Dans les années 1980, émerge un mouvement de redéfinition du concept de monopole naturel ainsi que des secteurs qui en relèvent. C’est par exemple à ce moment-là que des théories comme celle des marchés contestables[v] de Baumol, Panzar et Willig, ou encore celle des trois couches[vi], sont développées, ce qui remet en cause l’existence d’une nécessité d’intervention de la part de l’État. De même, et sous l’impulsion de la Commission européenne, est lancé un vaste processus de privatisation dans des secteurs associés aux monopoles naturels (transports, télécommunications, gaz et électricité, etc.). Cependant, les privations n’ont pas toujours eu les effets escomptés. Dans certains cas, les privatisations ont même eu des effets complètement contraires puisqu’elles se sont accompagnés d’une hausse des prix et d’une baisse de la qualité du service de sorte que l’on assiste parfois à une renationalisation. Ainsi, le débat sur la solution à apporter aux monopoles naturels est loin d’être tranché comme l’illustre récemment le débat portant sur la privatisation.

Raphaël Martin

 

Notes :

[i] Le surplus total est défini comme la somme des surplus des consommateurs et du producteur. Le surplus des consommateurs est défini par la différence du prix qu’ils seraient prêts à payer de celle qu’ils paient effectivement. Le surplus des producteurs est défini par la différence entre le prix auquel il était prêt à vendre le bien. Pour plus de détails voire Microéconomie, Cours et application de Hachon et Laurent.

[ii] Les rendements d’échelle décrivent la manière dont le coût unitaire évolue lorsque la production augmente ; des rendements d’échelle croissants signifient que, lorsqu’elle augmente, celui-ci diminue, permettant à l’entreprise de baisser ses prix.

[iii] On parle ici d’optimalité au sens parétien du terme. Un optimum de Pareto est une allocation des ressources pour laquelle il n’est pas possible d’augmenter la satisfaction d’un individu sans réduire la satisfaction d’un autre individu.

[iv] Ainsi, les problèmes liés à la régulation des monopoles naturels découlent de l’existence d’asymétries d’information entre le régulateur et la firme.
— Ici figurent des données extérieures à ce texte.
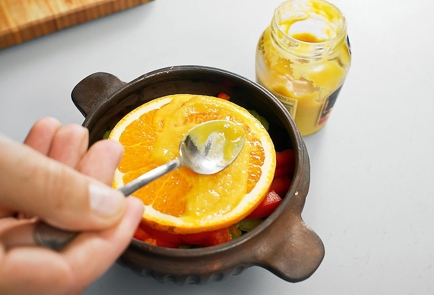 Фото шага рецепта Телятина с красным перцем и апельсинами в горшочке 30819 шаг 7  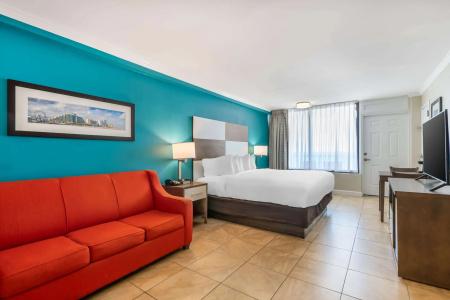 Comfort Inn & Suites Daytona Beach Oceanfront - 84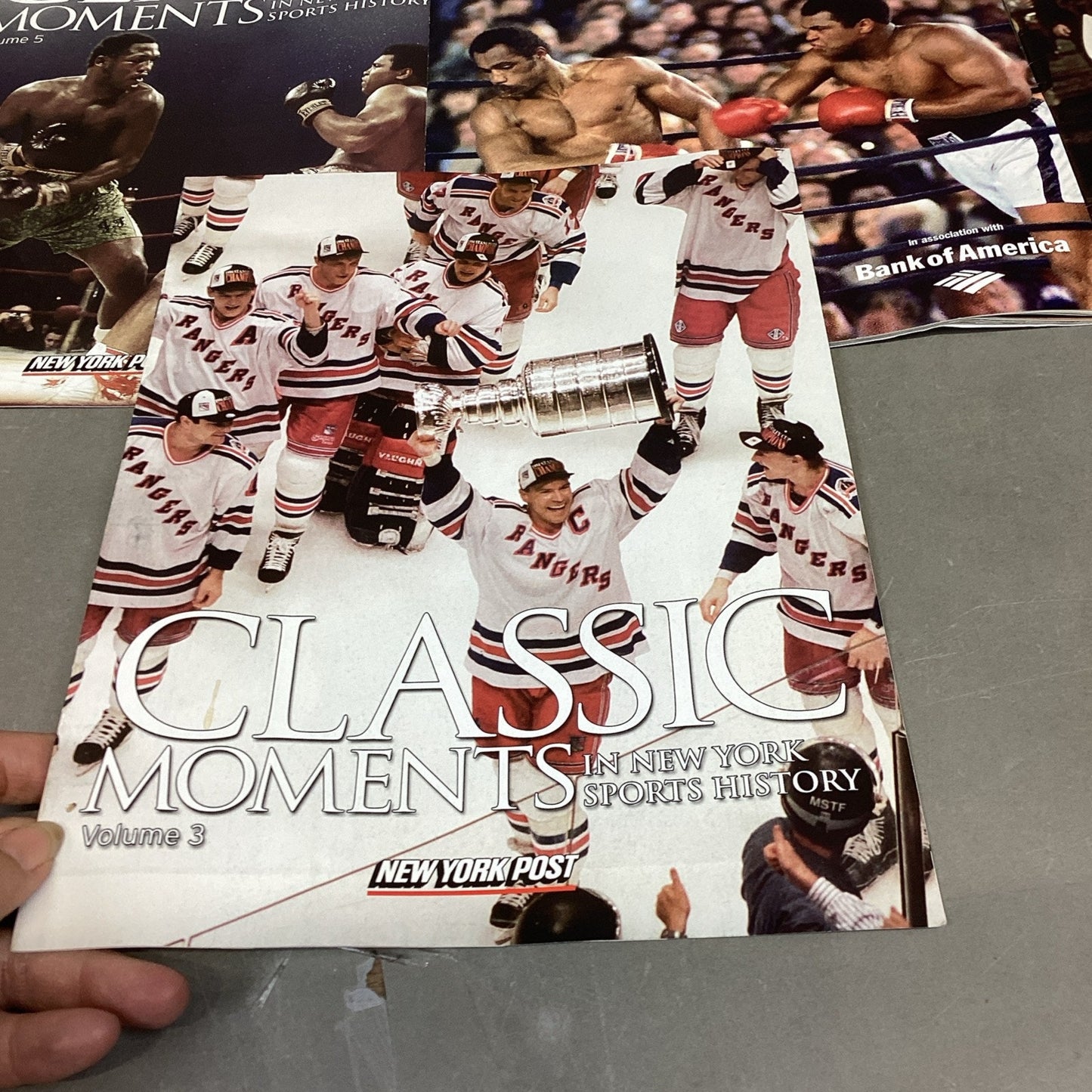 Lot Of 6 Sports Catalogs/Magazines - Bulls, Cubs, Boxing, Hockey, Football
Pour répondre à ces problématiques, des économistes ont conçu des mécanismes incitant la firme à révéler l’information privée qu’elle détient. Pour un aperçu des travaux sur le sujet : cf. Gagnepain Philippe. « La nouvelle théorie de la régulation des monopoles naturels », Revue française d’économie, volume 15, n°4, 2001. pp. 55-110.
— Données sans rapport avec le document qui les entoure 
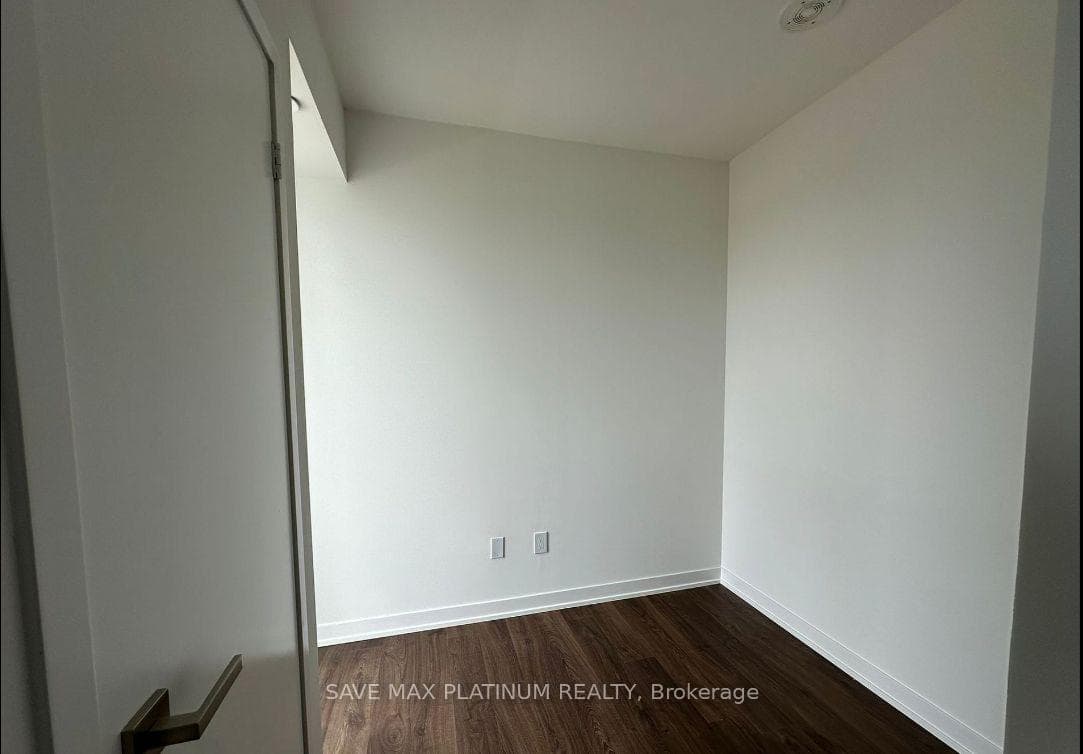 500 Wilson Avenue Unit 1009 photo 13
[v] Selon cette théorie, un monopole opérant sur un marché dans lequel les entreprises sont libres d’entrer pratiquera des prix égaux à ceux pratiqués en situation de concurrence, de telle sorte que les profits du monopole et la perte de surplus total soient nuls.
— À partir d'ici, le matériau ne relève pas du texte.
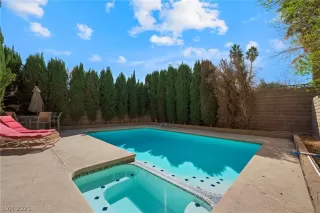 Photo #2: 2280472 Listing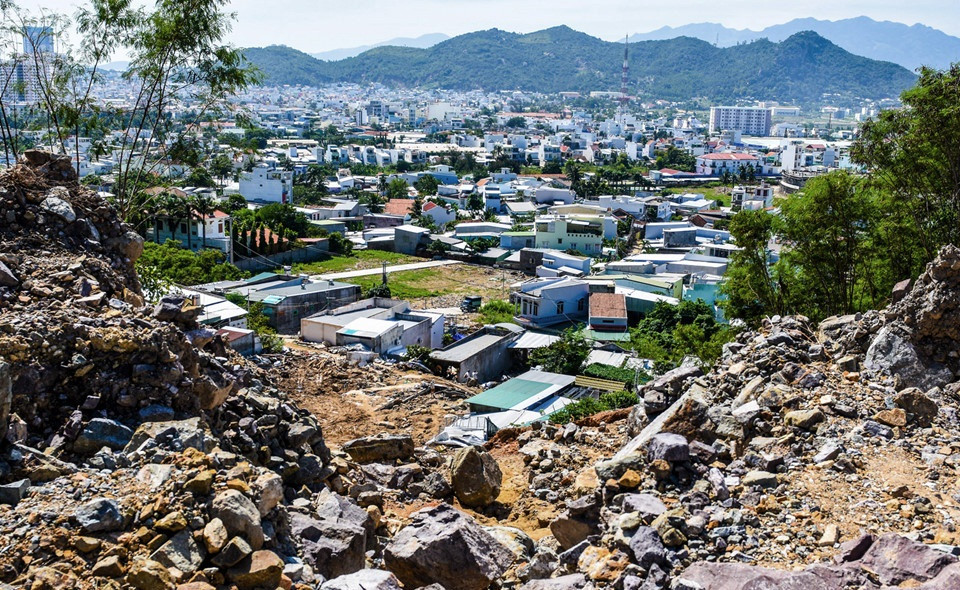 Chủ đầu tư cũng chưa báo cáo thông tin công trình để thực hiện quản lý chất lượng công trình theo quy định. Vì thế, ngày 26/11, Sở Xây dựng Khánh Hòa đã có văn bản yêu cầu tạm dừng việc giao dịch đối với dự án này. Ảnh: Zing.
[vi] Selon cette théorie, les monopoles naturels regroupent trois activités qui peuvent être dissociées : une activité en amont (qui porte généralement sur les infrastructures), une au centre (qui contrôle l’entretien des infrastructures et l’application de directives communes) et une en aval (qui englobe les services finaux destinés à la clientèle). Ainsi, selon cette théorie, on peut démanteler un monopole naturel en plusieurs entreprises et privatiser celle en aval dans la mesure où elle n’a pas les caractéristiques propres aux monopoles naturels.